In a wide-ranging discussion on the No Priors Podcast, NVIDIA Founder and CEO Jensen Huang reflects on the rapid evolution of artificial intelligence throughout 2025 and provides a strategic roadmap for 2026. From the debunking of the “AI Bubble” to the rise of physical robotics and the “ChatGPT moments” coming for digital biology, Huang offers a masterclass in how accelerated computing is reshaping the global economy.
TL;DW (Too Long; Didn’t Watch)
- The Core Shift: General-purpose computing (CPUs) has hit a wall; the world is moving permanently to accelerated computing.
- The Jobs Narrative: AI automates tasks, not purposes. It is solving labor shortages in manufacturing and nursing rather than causing mass unemployment.
- The 2026 Breakthrough: Digital biology and physical robotics are slated for their “ChatGPT moment” this year.
- Geopolitics: A nuanced, constructive relationship with China is essential, and open source is the “innovation flywheel” that keeps the U.S. competitive.
Key Takeaways
- Scaling Laws & Reasoning: 2025 proved that scaling compute still translates directly to intelligence, specifically through massive improvements in reasoning, grounding, and the elimination of hallucinations.
- The End of “God AI”: Huang dismisses the myth of a monolithic “God AI.” Instead, the future is a diverse ecosystem of specialized models for biology, physics, coding, and more.

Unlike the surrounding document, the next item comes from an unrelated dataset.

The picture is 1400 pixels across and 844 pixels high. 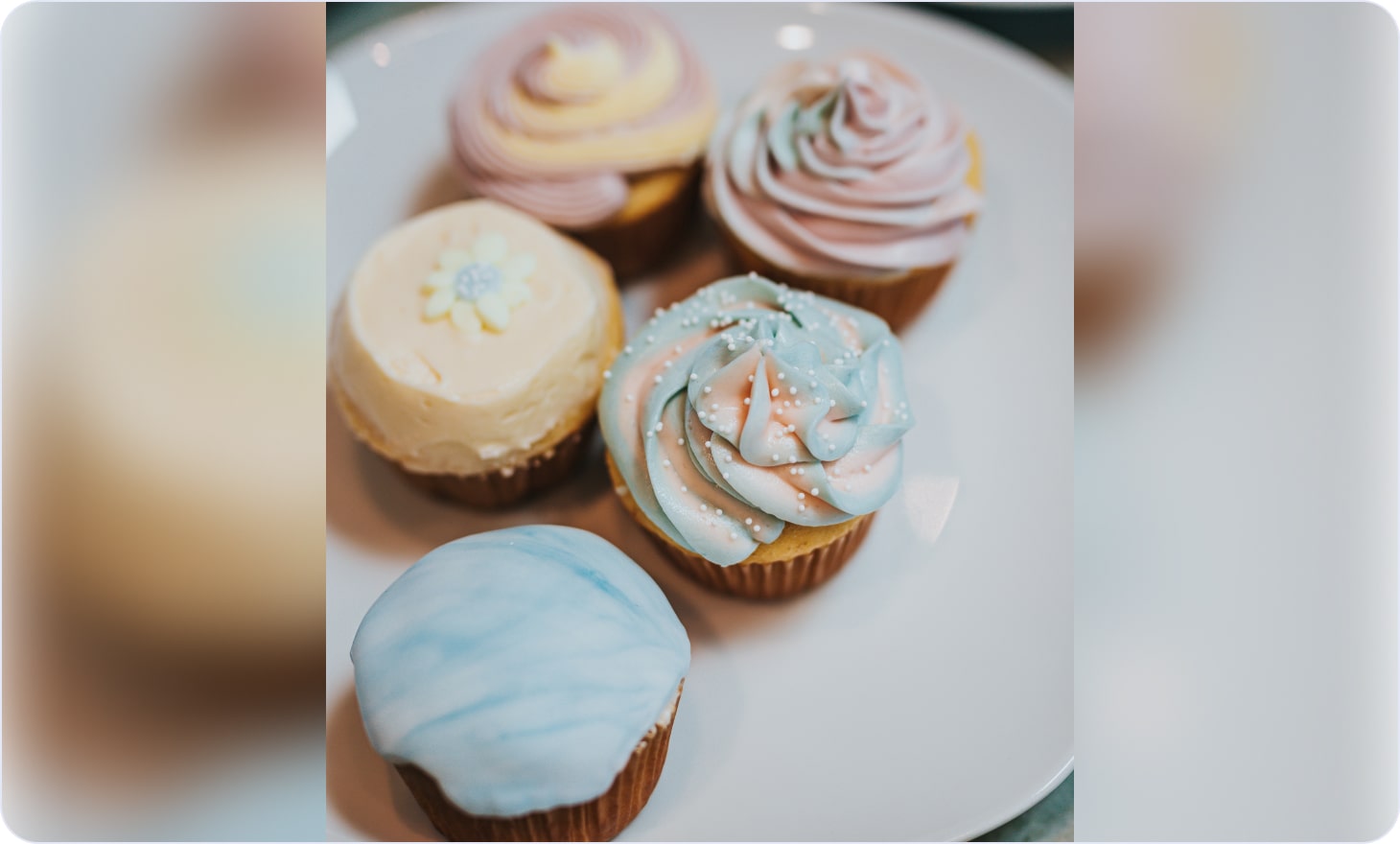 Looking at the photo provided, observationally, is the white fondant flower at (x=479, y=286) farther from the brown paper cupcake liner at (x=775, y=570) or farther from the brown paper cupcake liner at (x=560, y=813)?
the brown paper cupcake liner at (x=560, y=813)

- Energy as Infrastructure: AI data centers are “AI Factories.” Without a massive expansion in energy (including natural gas and nuclear), the next industrial revolution cannot happen.

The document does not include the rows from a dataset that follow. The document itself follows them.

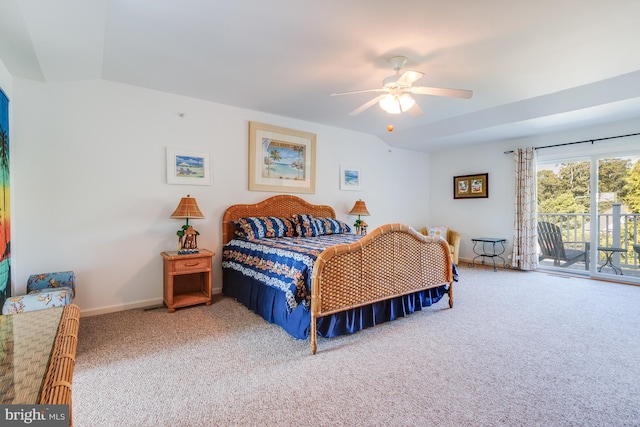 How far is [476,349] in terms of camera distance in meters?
2.49

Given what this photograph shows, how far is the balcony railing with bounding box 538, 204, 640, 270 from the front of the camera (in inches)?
185

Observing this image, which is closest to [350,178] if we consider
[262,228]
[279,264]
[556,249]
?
[262,228]

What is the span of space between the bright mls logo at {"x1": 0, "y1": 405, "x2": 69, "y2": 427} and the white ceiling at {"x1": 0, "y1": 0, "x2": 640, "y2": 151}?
2351mm

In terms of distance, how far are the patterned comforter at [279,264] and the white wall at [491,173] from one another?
4.41 metres

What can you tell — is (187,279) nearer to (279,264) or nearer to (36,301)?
(36,301)

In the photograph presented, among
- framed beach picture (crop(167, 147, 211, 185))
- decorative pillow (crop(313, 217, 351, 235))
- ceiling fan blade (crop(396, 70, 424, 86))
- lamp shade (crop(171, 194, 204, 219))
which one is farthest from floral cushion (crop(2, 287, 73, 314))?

- Tokenomics: The cost of AI inference dropped 100x in 2024 and could drop a billion times over the next decade, making intelligence a near-free commodity.
- DeepSeek’s Impact: Open-source contributions from China, like DeepSeek, are significantly benefiting American startups and researchers, proving the value of a global open-source ecosystem.
Detailed Summary
The “Five-Layer Cake” of AI
Huang explains AI not as a single app, but as a technology stack: Energy → Chips → Infrastructure → Models → Applications. He emphasizes that while the public focuses on chatbots, the real revolution is happening in “non-English” languages, such as the languages of proteins, chemicals, and physical movement.
Task vs. Purpose: The Future of Labor
Addressing the fear of job loss, Huang uses the “Radiologist Paradox.” While AI now powers nearly 100% of radiology applications, the number of radiologists has actually increased. Why? Because AI handles the task (scanning images), allowing the human to focus on the purpose (diagnosis and research). This same framework applies to software engineers: their purpose is solving problems, not just writing syntax.
Robotics and Physical AI
Huang is incredibly optimistic about robotics. He predicts a future where “everything that moves will be robotic.” By applying reasoning models to physical machines, we are moving from “digital rails” (pre-programmed paths) to autonomous agents that can navigate unknown environments. He foresees a trillion-dollar repair and maintenance industry emerging to support the billions of robots that will eventually inhabit our world.
The “Bubble” Debate
Is there an AI bubble? Huang argues “No.” He points to the desperate, unsatisfied demand for compute capacity across every industry. He notes that if chatbots disappeared tomorrow, NVIDIA would still thrive because the fundamental architecture of the world’s $100 trillion GDP is shifting from CPUs to GPUs to stay productive.
Analysis & Thoughts
Jensen Huang’s perspective is distinct because he views AI through the lens of industrial production. By calling data centers “factories” and tokens “output,” he strips away the “magic” of AI and reveals it as a standard industrial revolution—one that requires power, raw materials (data/chips), and specialized labor.
His defense of Open Source is perhaps the most critical takeaway for policymakers. By arguing that open source prevents “suffocation” for startups and 100-year-old industrial companies, he positions transparency as a national security asset rather than a liability. As we head into 2026, the focus is clearly shifting from “Can the model talk?” to “Can the model build a protein or drive a truck?”